Henry Ford Health officials confirm letter outlining life and death protocols for COVID-19
Detroit Free Press
Henry Ford Health System has officially confirmed the accuracy of a detailed letter being circulated by doctors and others on social media outlining life and death guidelines for use during the pandemic.
The @HenryFordNews Twitter account responded at 11:22 p.m. Thursday to Nicholas Bagley, a University of Michigan law professor, who shared content that appeared to be on hospital letterhead outlining how doctors would make decisions at the Michigan hospital network about who gets treated during the COVID-19 crisis with limited resources.
People had immediately replied with shock and sadness and challenged the authenticity of the letter.
Henry Ford Health System responded directly to Bagley as the response to his tweet grew more heated.
“With a pandemic, we must be prepared for worst case,” the tweet said. “With collective wisdom from our industry, we crafted a policy to provide guidance for making difficult patient care decisions. We hope never to have to apply them. We will always utilize every resource to care for our patients.”
The original Henry Ford Health System letter that triggered discussion said:
“To our patients, families and community:
Please know that we care deeply about you and your family’s health and are doing our best to protect and serve you and our community. We currently have a public health emergency that is making our supply of some medical resources hard to find. Because of shortages, we will need to be careful with resources. Patients who have the best chance of getting better are our first priority. Patients will be evaluated for the best plan of care and dying patients will be provided comfort care.
What this means for you and your family:
1. Alert staff during triage of any current medical conditions or if you have a Do Not Resuscitate (DNR)/Do Not Attempt Resuscitation (DNAR) or other important medical information.
2. If you (or a family member) becomes ill and your medical doctor believes that you need extra care in an Intensive Care Unit (ICU) or Mechanical Ventilation (breathing machine) you will be assessed for eligibility based only on your specific condition.
3. Some patients will be extremely sick and very unlikely to survive their illness even with critical treatment. Treating these patients would take away resources for patients who might survive.
4. Patients who are not eligible for ICU or ventilator care will receive treatment for pain control and comfort measures.

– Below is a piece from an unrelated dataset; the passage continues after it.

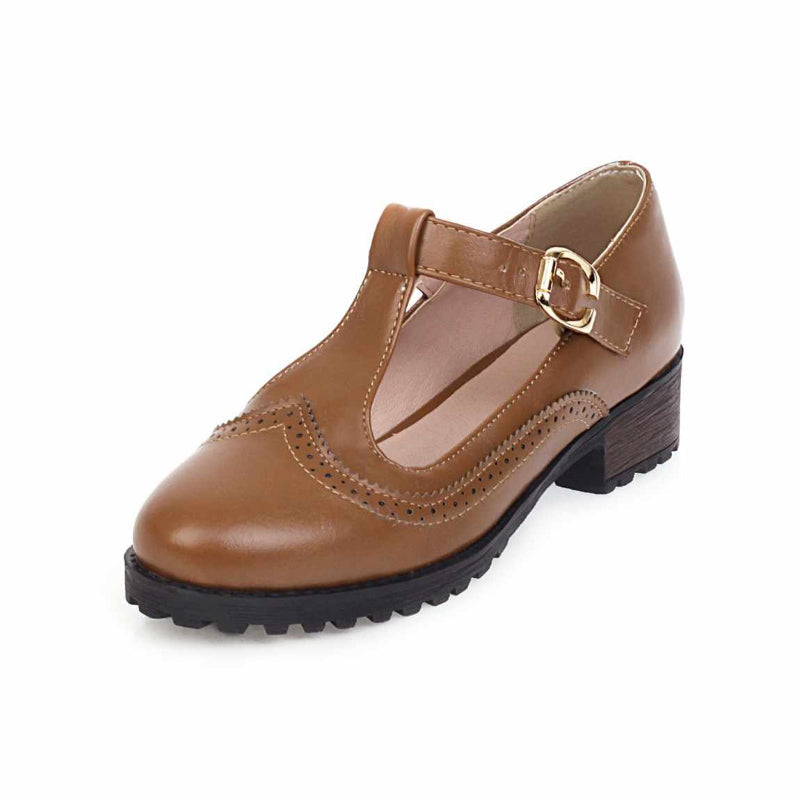 Elegante Oxford-Pumps im klassischen Stil – Zeitlos & stilvoll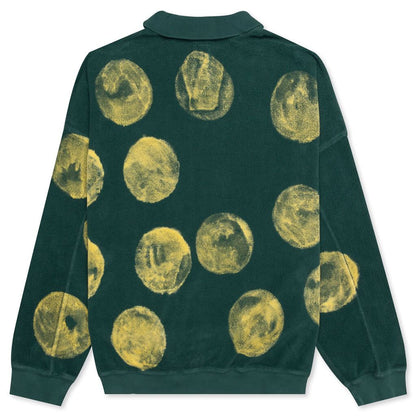 Novelty Spray French Terry Polo - Green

Some conditions that are likely to may make you not eligible include:
5. Patients who have ventilator or ICU care withdrawn will receive pain control and comfort measures:
6. Patients who are treated with a ventilator or ICU care may have these treatments stopped if they do not improve over time. If they do not improve this means that the patient has a poor chance of surviving the illness — even if the care was continued. This decision will be based on medical condition and likelihood of getting better. It will not be based on other reasons such as race, gender, health insurance status, ability to pay for care, sexual orientation, employment status or immigration status. All patients are evaluated for survival using the same measures.
7. If the treatment team has determined that you or your family members does not meet criteria to receive critical care or that ICU treatments will be stopped, talk to your doctor. Your doctor can ask for a review by a team of medical experts (a Clinical Review Committee evaluation.)
In recent days, the CEO of Beaumont Health described the current crisis as “our worst nightmare” and the novel coronavirus health crisis as a “biological tsunami.” He warned the public of limited supplies and the need to stay at home to limit the spread. Gov. Gretchen Whitmer issued an executive order on March 23 requiring residents to stay in place until April 13.
On Thursday, President Trump discussed providing medical aid with military assistance in New York.
More: Beaumont Health CEO describes coronavirus pandemic as ‘our worst nightmare’
More: President Trump slams Gov. Whitmer as he weighs disaster request for Michigan
More: Beaumont Hospital in Wayne closing ER, non-coronavirus patients to be moved as cases surge
Before Henry Ford Health System provided public confirmation on Twitter, Bagley, the Ann Arbor professor with more than 26,000 Twitter followers, removed the letter and wrote at 11:30 p.m., “I’m going to take this down until it can be independently verified. The memo is circulating among doctors, but Henry Ford apparently can neither confirm nor deny it yet.”
Minutes later, Henry Ford Health System responded to Bagley.
The hospital network responded directly to a Free Press request for confirmation, providing a statement explaining that the Henry Ford Health System letter is part of a larger policy document developed for an absolute worst case scenario. It is not an active policy within Henry Ford, but a part of emergency response planning, as is standard with most reputable health systems.
The hospital network provided the following statement after midnight Thursday from Dr. Adnan Munkarah, executive vice president and chief clinical officer of Henry Ford Health System:
“With a pandemic of this nature, health systems must be prepared for a worst case scenario. Gathering the collective wisdom from across our industry, we carefully crafted our policy to provide critical guidance to healthcare workers for making difficult patient care decisions during an unprecedented emergency. These guidelines are deeply patient focused, intended to be honoring to patients and families. We shared our policy with our colleagues across Michigan to help others develop similar, compassionate approaches. It is our hope we never have to apply them and we will always do everything we can to care for our patients, utilizing every resource we have to make that happen.”